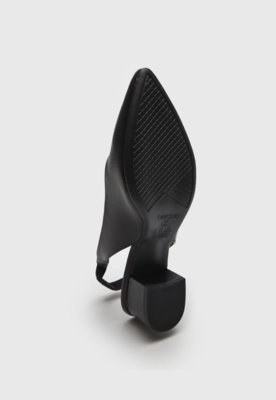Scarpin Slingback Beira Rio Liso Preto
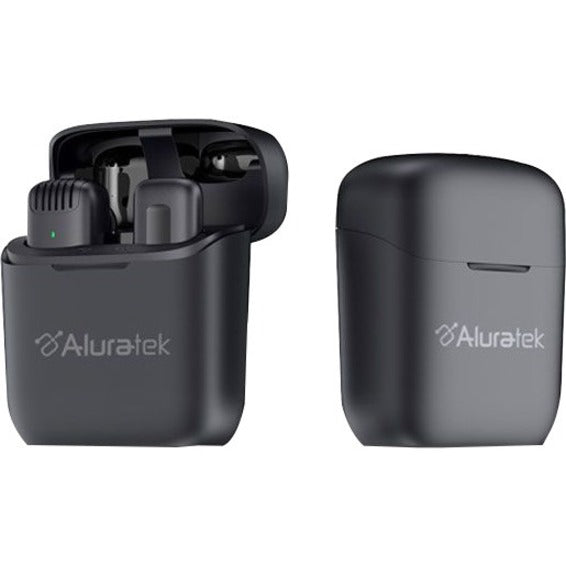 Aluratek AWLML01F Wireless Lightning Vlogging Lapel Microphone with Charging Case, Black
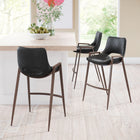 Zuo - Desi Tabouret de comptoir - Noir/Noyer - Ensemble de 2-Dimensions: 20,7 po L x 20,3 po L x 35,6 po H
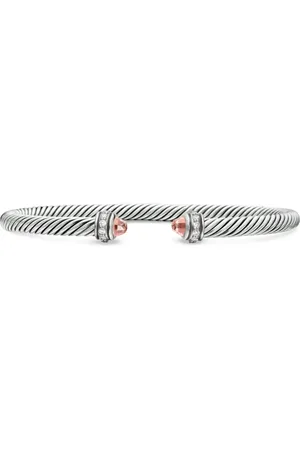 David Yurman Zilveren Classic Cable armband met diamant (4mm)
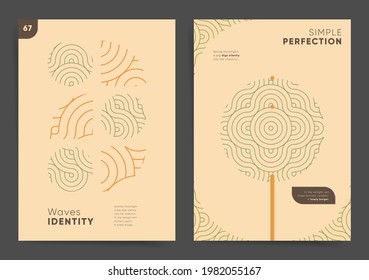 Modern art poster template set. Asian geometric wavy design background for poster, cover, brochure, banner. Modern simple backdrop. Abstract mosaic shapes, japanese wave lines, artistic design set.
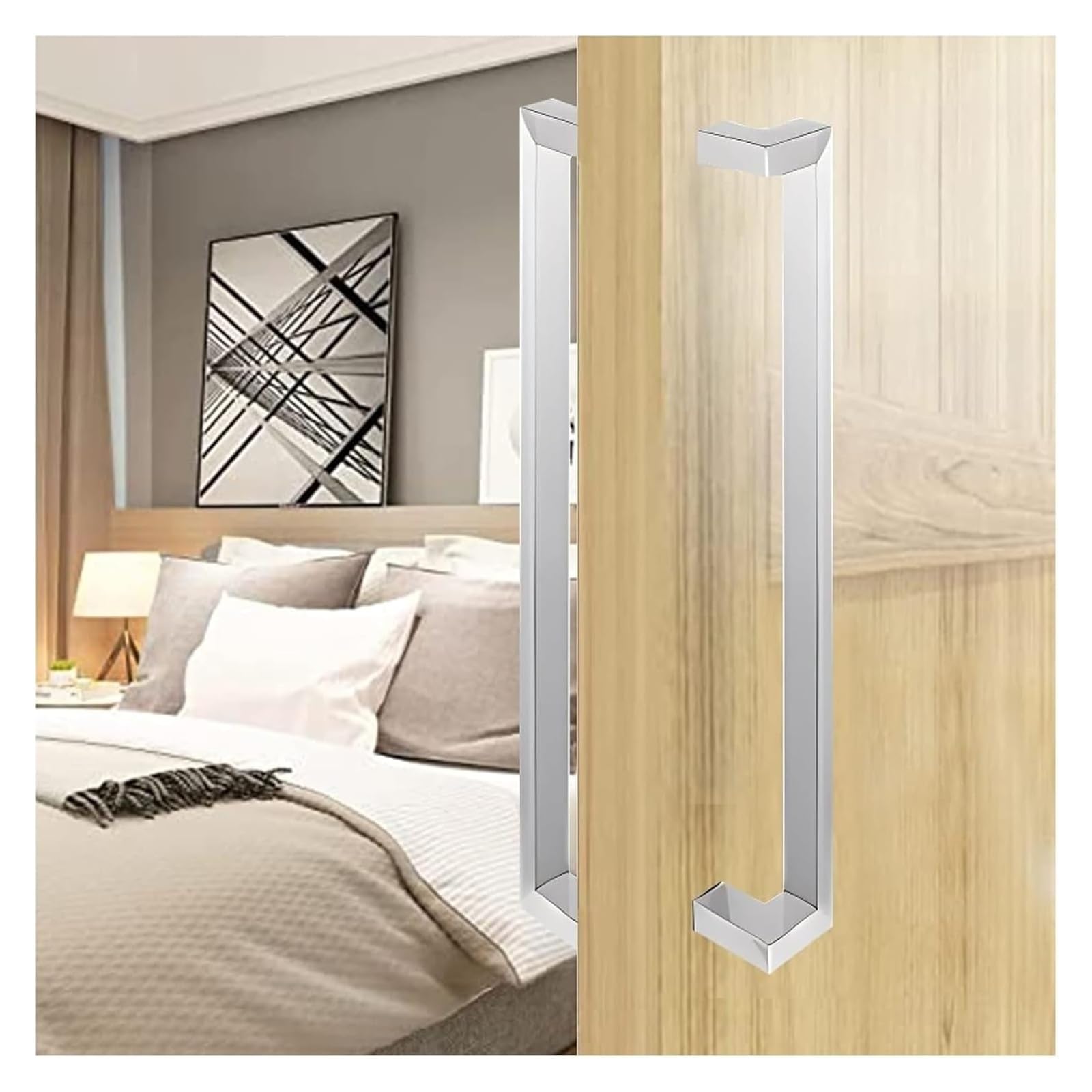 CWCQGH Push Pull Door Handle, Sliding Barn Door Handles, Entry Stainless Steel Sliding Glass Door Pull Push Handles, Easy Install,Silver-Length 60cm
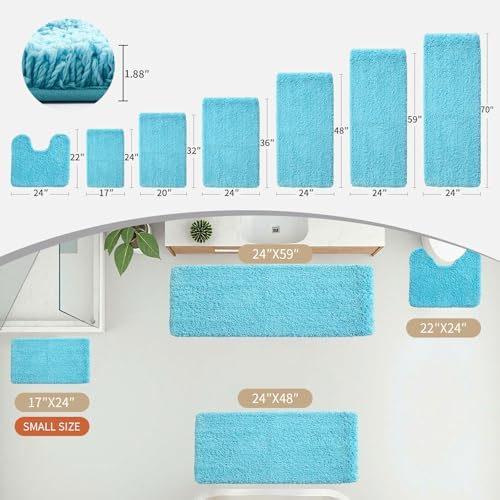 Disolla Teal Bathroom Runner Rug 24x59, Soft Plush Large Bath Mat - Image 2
##########
Task goal - Print every line of the listing exactly, please, and leave the images out.

Reply to the exercise -
Scarpin Slingback Beira Rio Liso Preto
 Aluratek AWLML01F Wireless Lightning Vlogging Lapel Microphone with Charging Case, Black
 Zuo - Desi Tabouret de comptoir - Noir/Noyer - Ensemble de 2-Dimensions: 20,7 po L x 20,3 po L x 35,6 po H
 David Yurman Zilveren Classic Cable armband met diamant (4mm)
 Modern art poster template set. Asian geometric wavy design background for poster, cover, brochure, banner. Modern simple backdrop. Abstract mosaic shapes, japanese wave lines, artistic design set.
 CWCQGH Push Pull Door Handle, Sliding Barn Door Handles, Entry Stainless Steel Sliding Glass Door Pull Push Handles, Easy Install,Silver-Length 60cm
 Disolla Teal Bathroom Runner Rug 24x59, Soft Plush Large Bath Mat - Image 2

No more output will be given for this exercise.